→ EXERCISE DIRECTIONS
Print nothing beyond the line with "火箭西部排名更新跌出附加赛区仅剩20场常规赛待追": every line from the beginning of the data up to it, that line included, and no pictures.

→ DATA FOR THE TASK
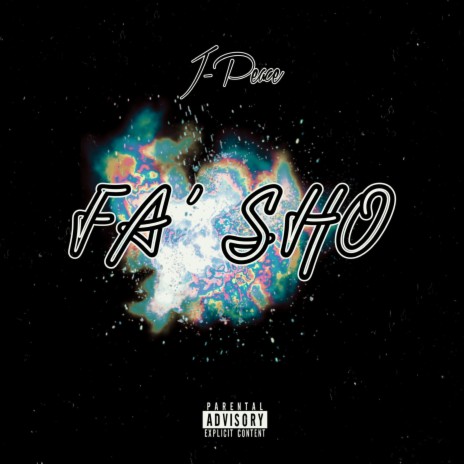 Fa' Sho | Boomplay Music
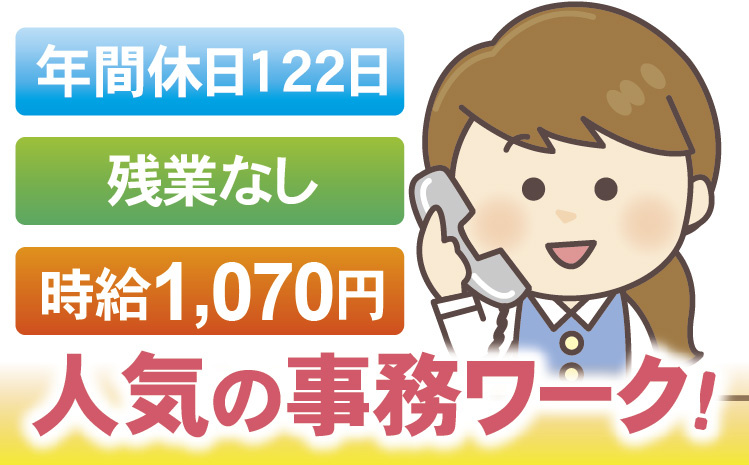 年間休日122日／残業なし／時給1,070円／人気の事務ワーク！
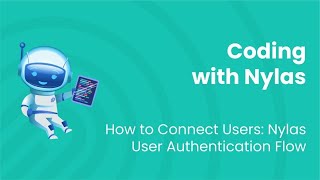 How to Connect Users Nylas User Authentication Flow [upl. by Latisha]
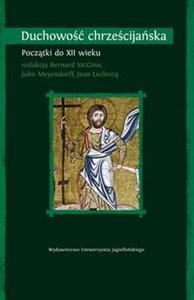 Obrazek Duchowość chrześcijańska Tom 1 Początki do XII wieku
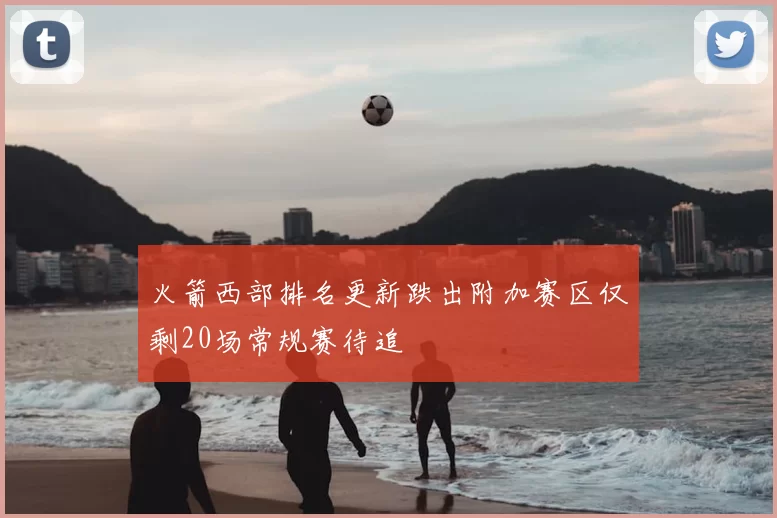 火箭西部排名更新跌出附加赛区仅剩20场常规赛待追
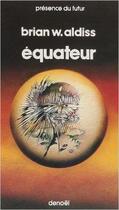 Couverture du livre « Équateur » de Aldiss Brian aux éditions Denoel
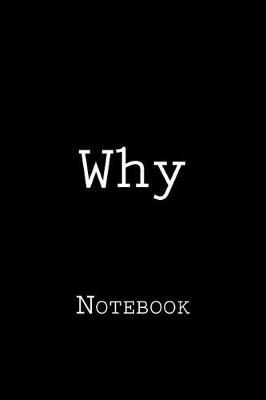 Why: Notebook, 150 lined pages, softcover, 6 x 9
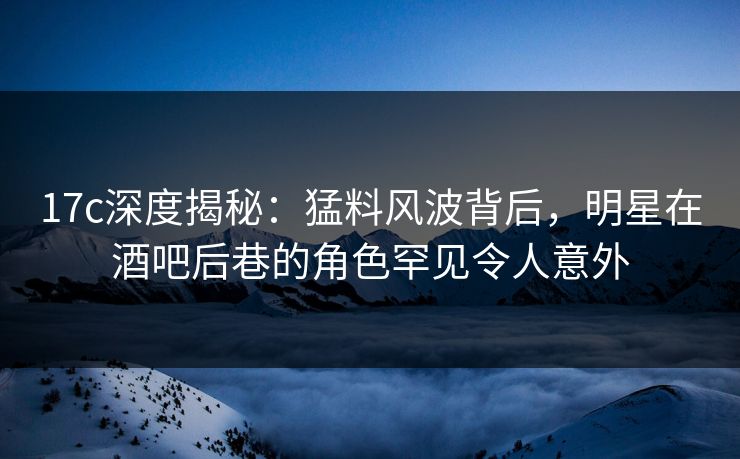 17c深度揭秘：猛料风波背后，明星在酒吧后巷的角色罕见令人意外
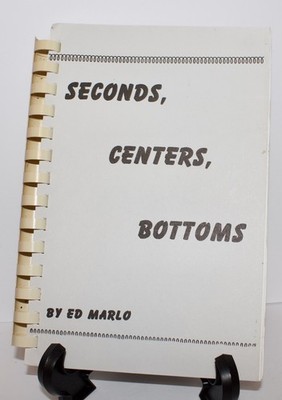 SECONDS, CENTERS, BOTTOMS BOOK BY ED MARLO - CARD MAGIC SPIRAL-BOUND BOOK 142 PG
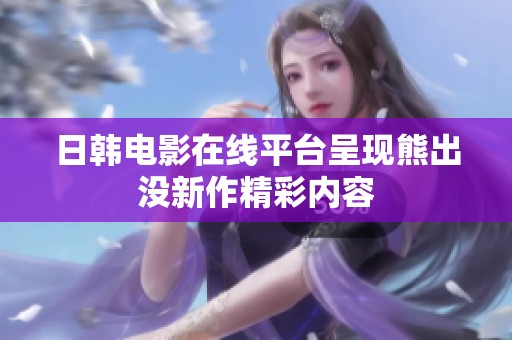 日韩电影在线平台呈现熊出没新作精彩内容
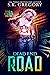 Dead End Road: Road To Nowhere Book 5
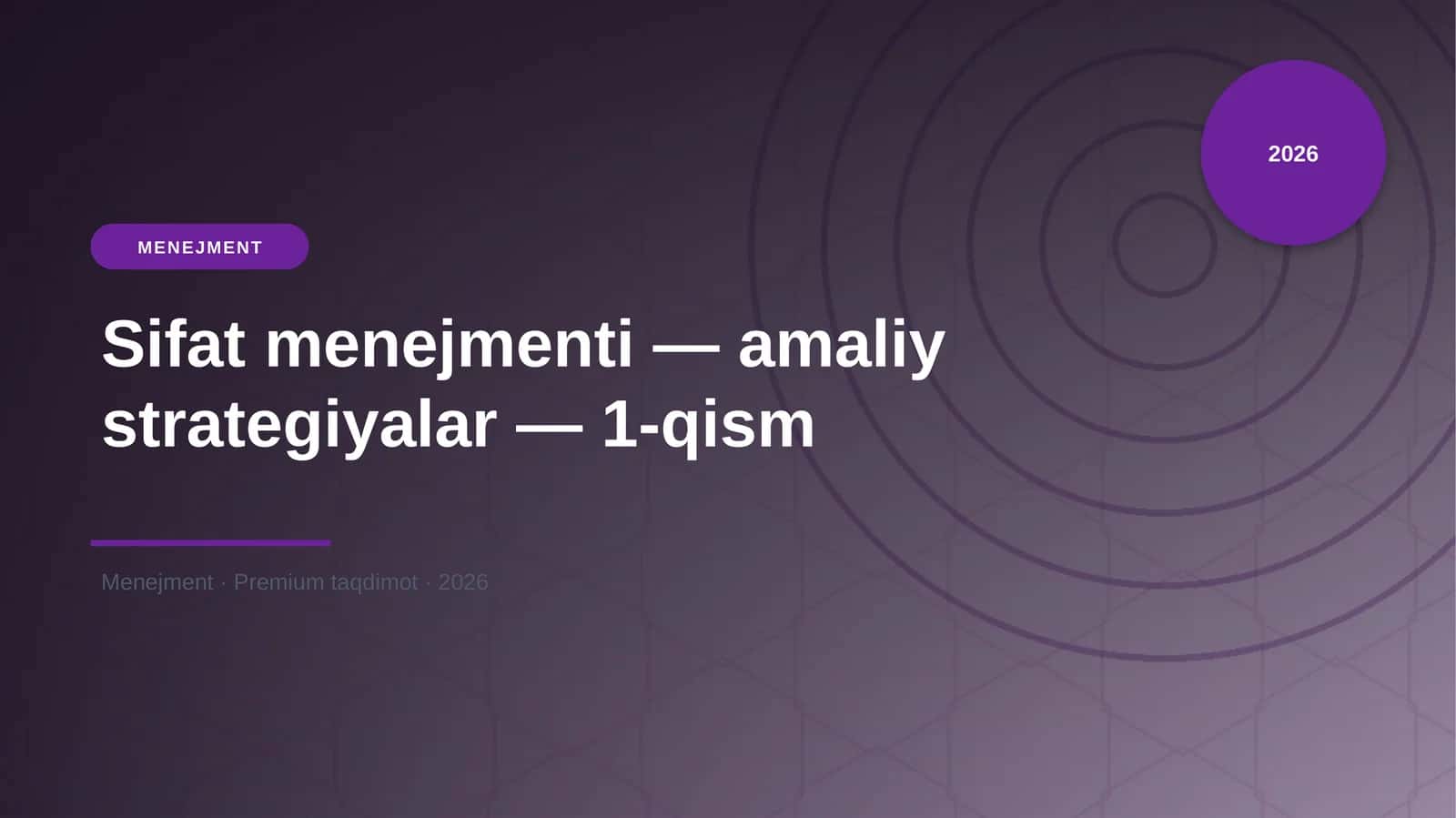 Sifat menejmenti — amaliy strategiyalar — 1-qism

→ RESPONSE BELOW
 Fa' Sho | Boomplay Music
 年間休日122日／残業なし／時給1,070円／人気の事務ワーク！
 How to Connect Users Nylas User Authentication Flow [upl. by Latisha]
 Obrazek Duchowość chrześcijańska Tom 1 Początki do XII wieku
 火箭西部排名更新跌出附加赛区仅剩20场常规赛待追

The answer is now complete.